> [Work instruction]:
Repeat exactly the lines of the material below that run from the "Initial-E *Purple*" line to the "2017 New European" line, including both, and do not carry over any pictures.

> [Data to examine]:
******************************
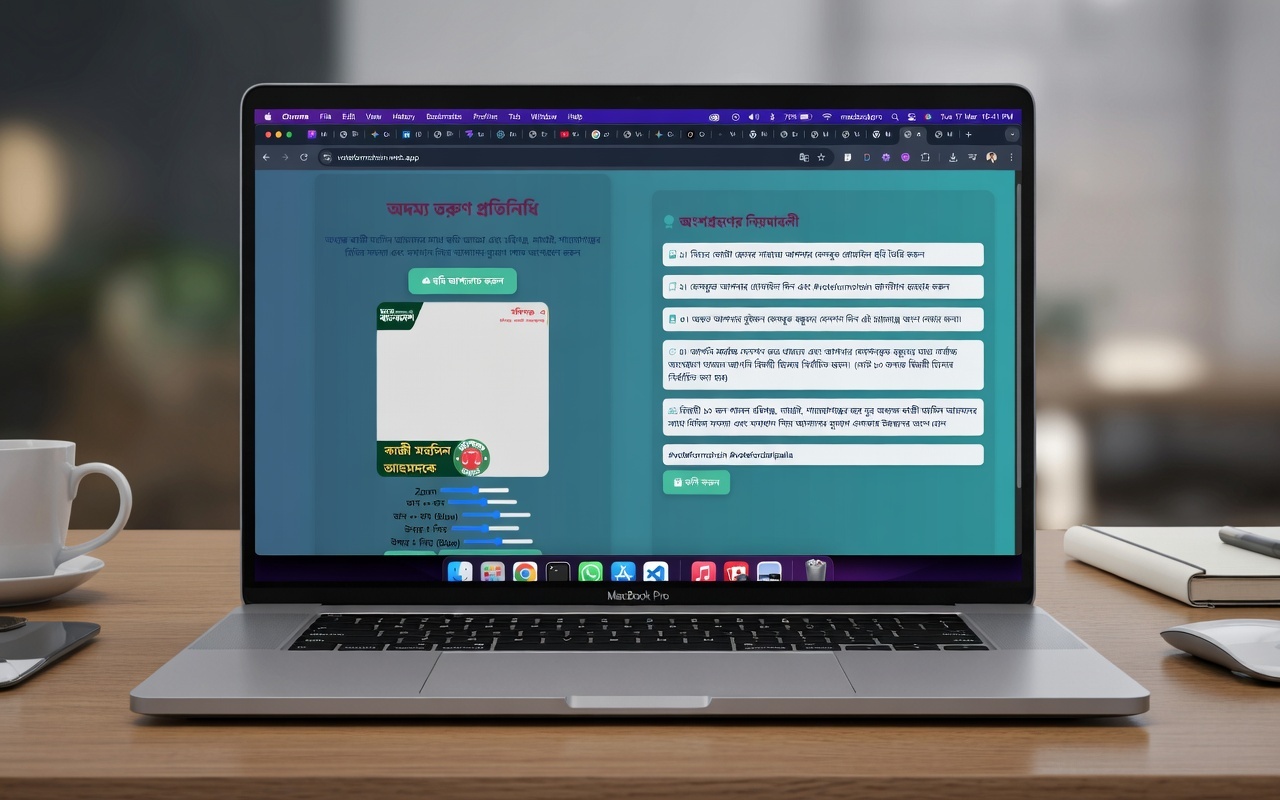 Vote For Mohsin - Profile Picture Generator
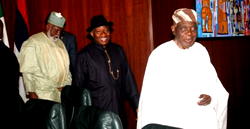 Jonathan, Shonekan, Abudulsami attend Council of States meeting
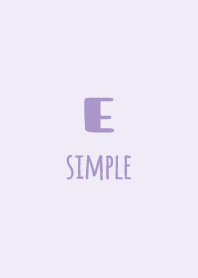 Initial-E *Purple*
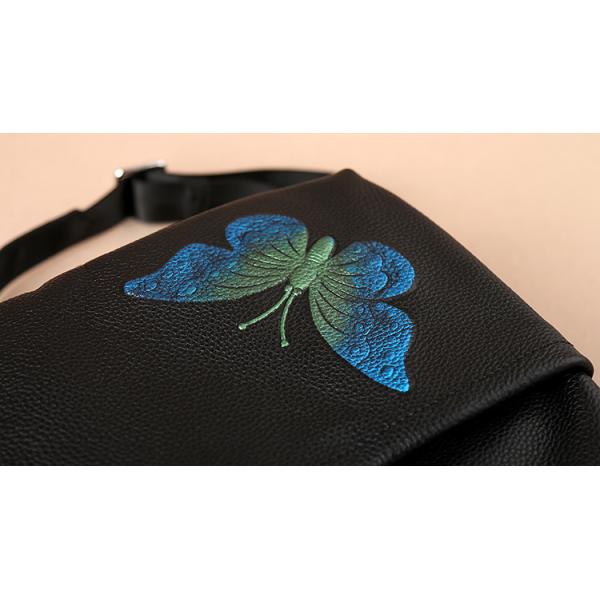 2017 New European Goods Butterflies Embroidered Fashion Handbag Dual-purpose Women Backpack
******************************
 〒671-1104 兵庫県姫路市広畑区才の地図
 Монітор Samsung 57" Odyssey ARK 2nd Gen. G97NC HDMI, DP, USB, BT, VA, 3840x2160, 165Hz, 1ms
******************************
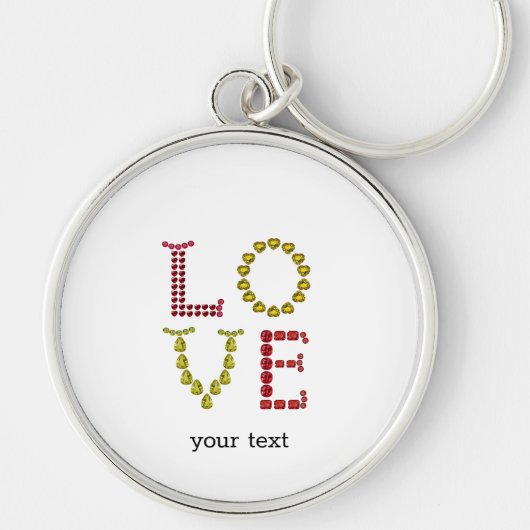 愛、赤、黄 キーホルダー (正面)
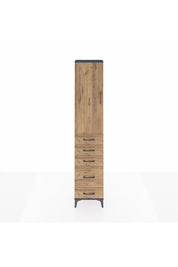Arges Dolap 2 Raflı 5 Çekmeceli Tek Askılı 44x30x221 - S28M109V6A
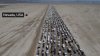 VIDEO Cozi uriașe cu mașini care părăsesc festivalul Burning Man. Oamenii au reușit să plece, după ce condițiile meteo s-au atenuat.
******************************
> [Exercise response]:
 Initial-E *Purple*
 2017 New European Goods Butterflies Embroidered Fashion Handbag Dual-purpose Women Backpack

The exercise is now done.